**Steps to implement web scraping in python to extract IMDb movie ratings and its ratings:**

*   Import the required modules.



In [45]:
import requests
from bs4 import BeautifulSoup
import json
import pandas as pd



*   Access the HTML content from the webpage by assigning the URL and creating a soap object.



In [46]:
# URL of the IMDb Top Rated Movies page
url = "https://www.imdb.com/chart/top/"

# Headers to mimic a browser request
headers = {'User-Agent': 'Mozilla/5.0 (Macintosh; Intel Mac OS X 10_15_7) AppleWebKit/537.36 (KHTML, like Gecko) Chrome/132.0.0.0 Safari/537.36'}

# Send a GET request to the URL
response = requests.get(url, headers=headers)

# Parse the HTML content using BeautifulSoup
beauty = BeautifulSoup(response.content, 'html.parser')



*   Extract the movie ratings and their details. Here, we are extracting data from the BeautifulSoup object using Html tags like href, title, etc.



In [47]:
# Find the <script> tag with type="application/ld+json"
script_tag = beauty.find('script', type='application/ld+json')

# Extract the JSON data from the script tag
json_data = json.loads(script_tag.string)

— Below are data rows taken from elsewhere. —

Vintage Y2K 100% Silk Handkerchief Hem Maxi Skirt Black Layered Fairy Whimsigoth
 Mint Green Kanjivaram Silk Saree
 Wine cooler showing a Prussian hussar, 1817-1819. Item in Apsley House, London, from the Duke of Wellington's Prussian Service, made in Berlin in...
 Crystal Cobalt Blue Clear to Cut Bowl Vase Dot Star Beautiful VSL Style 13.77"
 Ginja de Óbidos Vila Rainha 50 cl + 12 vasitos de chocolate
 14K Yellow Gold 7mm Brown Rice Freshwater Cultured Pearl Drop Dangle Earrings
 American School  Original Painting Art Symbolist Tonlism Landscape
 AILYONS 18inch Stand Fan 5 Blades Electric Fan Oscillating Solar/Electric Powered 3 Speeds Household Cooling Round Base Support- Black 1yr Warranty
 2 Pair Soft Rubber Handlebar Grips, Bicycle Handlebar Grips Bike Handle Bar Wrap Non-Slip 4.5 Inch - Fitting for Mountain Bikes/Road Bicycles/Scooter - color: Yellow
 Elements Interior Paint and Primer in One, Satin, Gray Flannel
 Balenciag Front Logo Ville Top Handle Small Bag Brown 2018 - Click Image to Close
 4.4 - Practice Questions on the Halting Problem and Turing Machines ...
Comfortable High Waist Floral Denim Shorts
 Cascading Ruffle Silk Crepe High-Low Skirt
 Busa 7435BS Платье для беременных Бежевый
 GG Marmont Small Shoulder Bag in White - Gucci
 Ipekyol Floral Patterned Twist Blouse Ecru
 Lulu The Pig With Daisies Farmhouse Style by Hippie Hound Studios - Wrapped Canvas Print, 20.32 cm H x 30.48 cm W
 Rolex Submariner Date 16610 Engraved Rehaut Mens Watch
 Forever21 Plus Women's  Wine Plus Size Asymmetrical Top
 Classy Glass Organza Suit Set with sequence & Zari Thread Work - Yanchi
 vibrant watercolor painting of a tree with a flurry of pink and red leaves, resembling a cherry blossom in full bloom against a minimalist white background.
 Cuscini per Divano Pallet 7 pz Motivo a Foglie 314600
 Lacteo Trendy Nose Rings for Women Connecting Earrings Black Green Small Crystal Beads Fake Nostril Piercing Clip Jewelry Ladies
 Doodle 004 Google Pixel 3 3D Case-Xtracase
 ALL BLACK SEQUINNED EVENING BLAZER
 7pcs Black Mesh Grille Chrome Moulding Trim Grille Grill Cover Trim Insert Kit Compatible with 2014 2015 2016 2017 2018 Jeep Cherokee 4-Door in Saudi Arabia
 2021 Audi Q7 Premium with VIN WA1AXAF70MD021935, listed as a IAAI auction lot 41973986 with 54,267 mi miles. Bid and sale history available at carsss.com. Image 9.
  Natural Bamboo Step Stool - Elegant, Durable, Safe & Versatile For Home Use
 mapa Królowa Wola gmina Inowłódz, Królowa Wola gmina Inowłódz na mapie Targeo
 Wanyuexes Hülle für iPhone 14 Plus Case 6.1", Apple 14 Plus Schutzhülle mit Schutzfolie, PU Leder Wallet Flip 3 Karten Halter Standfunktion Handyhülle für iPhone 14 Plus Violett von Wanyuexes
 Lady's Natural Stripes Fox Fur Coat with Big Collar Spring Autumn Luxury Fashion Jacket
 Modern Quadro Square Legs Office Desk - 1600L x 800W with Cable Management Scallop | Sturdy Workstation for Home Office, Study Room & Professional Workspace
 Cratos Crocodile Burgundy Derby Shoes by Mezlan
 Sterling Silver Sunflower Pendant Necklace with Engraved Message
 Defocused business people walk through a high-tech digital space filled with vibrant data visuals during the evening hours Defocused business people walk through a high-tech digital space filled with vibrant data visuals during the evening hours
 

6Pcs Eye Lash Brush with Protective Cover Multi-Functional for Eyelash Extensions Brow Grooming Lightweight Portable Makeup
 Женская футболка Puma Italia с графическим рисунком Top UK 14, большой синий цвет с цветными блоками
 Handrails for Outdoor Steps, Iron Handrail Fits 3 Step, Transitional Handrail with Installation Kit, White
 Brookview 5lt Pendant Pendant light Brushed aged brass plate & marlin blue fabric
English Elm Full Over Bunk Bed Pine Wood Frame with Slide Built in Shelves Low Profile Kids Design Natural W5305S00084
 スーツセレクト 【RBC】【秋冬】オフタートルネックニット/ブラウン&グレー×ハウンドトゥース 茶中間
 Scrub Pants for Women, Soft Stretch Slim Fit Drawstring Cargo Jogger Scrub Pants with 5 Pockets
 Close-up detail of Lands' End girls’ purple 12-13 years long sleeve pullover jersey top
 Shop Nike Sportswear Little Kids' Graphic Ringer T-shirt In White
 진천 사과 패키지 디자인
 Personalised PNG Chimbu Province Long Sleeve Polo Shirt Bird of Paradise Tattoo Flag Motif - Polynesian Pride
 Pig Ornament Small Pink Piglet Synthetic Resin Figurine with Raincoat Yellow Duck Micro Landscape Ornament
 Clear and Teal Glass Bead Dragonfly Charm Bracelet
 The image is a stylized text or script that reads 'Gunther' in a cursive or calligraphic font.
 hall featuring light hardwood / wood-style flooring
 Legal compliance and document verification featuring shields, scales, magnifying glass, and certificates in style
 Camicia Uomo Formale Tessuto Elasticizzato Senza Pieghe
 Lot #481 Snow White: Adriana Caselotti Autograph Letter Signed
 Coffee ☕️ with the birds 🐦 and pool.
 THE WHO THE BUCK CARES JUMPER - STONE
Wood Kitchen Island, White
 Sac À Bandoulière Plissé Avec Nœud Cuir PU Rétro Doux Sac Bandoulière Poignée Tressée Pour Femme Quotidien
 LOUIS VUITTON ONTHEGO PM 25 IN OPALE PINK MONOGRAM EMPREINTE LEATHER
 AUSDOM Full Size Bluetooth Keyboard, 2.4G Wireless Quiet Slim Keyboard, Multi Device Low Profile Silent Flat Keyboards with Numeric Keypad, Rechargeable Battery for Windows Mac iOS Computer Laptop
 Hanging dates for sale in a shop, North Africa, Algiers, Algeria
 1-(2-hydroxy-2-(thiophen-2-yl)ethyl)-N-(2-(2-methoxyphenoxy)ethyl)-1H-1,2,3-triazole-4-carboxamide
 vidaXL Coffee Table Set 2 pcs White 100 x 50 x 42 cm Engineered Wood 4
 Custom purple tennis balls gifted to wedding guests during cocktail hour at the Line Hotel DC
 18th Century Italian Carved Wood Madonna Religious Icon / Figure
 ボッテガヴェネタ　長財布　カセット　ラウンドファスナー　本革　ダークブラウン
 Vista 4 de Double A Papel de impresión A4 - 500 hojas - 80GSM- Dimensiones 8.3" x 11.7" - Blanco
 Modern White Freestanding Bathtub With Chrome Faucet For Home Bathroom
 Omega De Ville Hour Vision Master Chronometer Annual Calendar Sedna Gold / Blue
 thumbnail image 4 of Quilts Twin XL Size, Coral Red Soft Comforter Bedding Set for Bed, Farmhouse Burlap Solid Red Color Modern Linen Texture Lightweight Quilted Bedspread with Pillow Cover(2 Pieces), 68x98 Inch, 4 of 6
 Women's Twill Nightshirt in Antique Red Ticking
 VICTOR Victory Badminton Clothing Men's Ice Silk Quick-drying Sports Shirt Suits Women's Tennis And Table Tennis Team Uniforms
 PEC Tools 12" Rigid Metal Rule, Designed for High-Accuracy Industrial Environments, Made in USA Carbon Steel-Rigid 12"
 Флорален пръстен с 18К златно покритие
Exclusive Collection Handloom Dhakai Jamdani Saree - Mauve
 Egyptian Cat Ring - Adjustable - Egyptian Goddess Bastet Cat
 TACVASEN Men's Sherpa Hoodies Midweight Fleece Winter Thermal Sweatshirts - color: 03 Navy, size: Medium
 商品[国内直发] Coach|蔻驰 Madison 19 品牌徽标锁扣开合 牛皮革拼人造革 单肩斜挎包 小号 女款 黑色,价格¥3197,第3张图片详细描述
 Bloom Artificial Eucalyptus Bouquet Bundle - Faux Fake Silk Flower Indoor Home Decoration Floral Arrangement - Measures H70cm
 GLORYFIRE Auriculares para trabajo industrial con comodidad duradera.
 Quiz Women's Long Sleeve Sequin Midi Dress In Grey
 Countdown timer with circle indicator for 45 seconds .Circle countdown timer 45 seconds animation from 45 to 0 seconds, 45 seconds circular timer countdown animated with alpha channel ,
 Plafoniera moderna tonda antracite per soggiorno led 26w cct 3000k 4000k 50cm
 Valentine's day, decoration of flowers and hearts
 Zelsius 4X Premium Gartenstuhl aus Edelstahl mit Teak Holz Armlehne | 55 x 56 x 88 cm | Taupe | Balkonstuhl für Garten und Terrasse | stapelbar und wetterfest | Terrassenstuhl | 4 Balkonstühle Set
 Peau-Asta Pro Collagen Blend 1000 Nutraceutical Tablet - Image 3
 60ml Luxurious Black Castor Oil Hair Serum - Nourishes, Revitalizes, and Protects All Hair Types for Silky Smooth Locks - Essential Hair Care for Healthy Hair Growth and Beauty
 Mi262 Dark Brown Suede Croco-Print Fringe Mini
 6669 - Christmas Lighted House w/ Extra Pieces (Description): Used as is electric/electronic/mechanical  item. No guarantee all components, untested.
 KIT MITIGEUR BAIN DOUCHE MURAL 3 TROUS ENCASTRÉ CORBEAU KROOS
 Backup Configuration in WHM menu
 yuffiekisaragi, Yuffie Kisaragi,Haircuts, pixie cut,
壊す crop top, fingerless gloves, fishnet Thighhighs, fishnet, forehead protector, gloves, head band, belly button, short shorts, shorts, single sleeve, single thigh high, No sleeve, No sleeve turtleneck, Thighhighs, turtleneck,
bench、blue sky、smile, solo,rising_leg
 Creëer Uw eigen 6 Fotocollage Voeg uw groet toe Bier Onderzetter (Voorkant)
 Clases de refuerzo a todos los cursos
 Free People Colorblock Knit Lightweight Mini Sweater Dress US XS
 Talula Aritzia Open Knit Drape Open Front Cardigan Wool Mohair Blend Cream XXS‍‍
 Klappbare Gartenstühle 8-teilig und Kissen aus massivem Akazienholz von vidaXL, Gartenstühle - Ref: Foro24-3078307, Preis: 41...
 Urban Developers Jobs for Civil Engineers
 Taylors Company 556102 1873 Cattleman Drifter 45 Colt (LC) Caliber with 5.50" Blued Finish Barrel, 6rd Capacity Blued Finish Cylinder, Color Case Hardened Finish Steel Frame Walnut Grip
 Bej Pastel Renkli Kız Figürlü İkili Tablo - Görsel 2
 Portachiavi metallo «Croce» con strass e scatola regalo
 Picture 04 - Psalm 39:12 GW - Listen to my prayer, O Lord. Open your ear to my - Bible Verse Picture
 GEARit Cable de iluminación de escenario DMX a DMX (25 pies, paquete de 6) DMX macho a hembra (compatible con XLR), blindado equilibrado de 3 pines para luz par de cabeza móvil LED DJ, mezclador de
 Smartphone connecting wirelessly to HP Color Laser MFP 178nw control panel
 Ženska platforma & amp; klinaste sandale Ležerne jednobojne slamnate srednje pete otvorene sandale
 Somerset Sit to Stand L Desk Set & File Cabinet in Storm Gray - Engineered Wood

# Print the JSON data (or process it as needed)
movies = [item["item"] for item in json_data["itemListElement"][:1]]
print(json.dumps(movies, indent=1))

[
 {
  "@type": "Movie",
  "url": "https://www.imdb.com/title/tt0111161/",
  "name": "The Shawshank Redemption",
  "description": "A banker convicted of uxoricide forms a friendship over a quarter century with a hardened convict, while maintaining his innocence and trying to remain hopeful through simple compassion.",
  "image": "https://m.media-amazon.com/images/M/MV5BMDAyY2FhYjctNDc5OS00MDNlLThiMGUtY2UxYWVkNGY2ZjljXkEyXkFqcGc@._V1_.jpg",
  "aggregateRating": {
   "@type": "AggregateRating",
   "bestRating": 10,
   "worstRating": 1,
   "ratingValue": 9.3,
   "ratingCount": 3070035
  },
  "contentRating": "R",
  "genre": "Drama",
  "duration": "PT2H22M"
 }
]




*   After extracting the movie details, create an empty list and store the details in a dictionary, and then add them to a list.



In [48]:
result = []
data = json_data['itemListElement']
for index in data:

  movie_name = index['item']['name'].replace("&apos;", "'")
  movie_genre = index['item']['genre']
  movie_rating = index['item']['aggregateRating']['ratingValue']
  movie_duration = index['item']['duration'].replace("PT", "")
  final_data = {"Movie": movie_name,
                "Genre": movie_genre,
                "Rating": movie_rating,
                "Duration": movie_duration
                }
  result.append(final_data)



*   Now our list is filled with top IMBD movies along with their details. Then display the list of movie details.



In [49]:
for movie in result:
    print(movie['Movie'], movie['Genre'], '(' + str(movie['Rating']) + ')', movie['Duration'])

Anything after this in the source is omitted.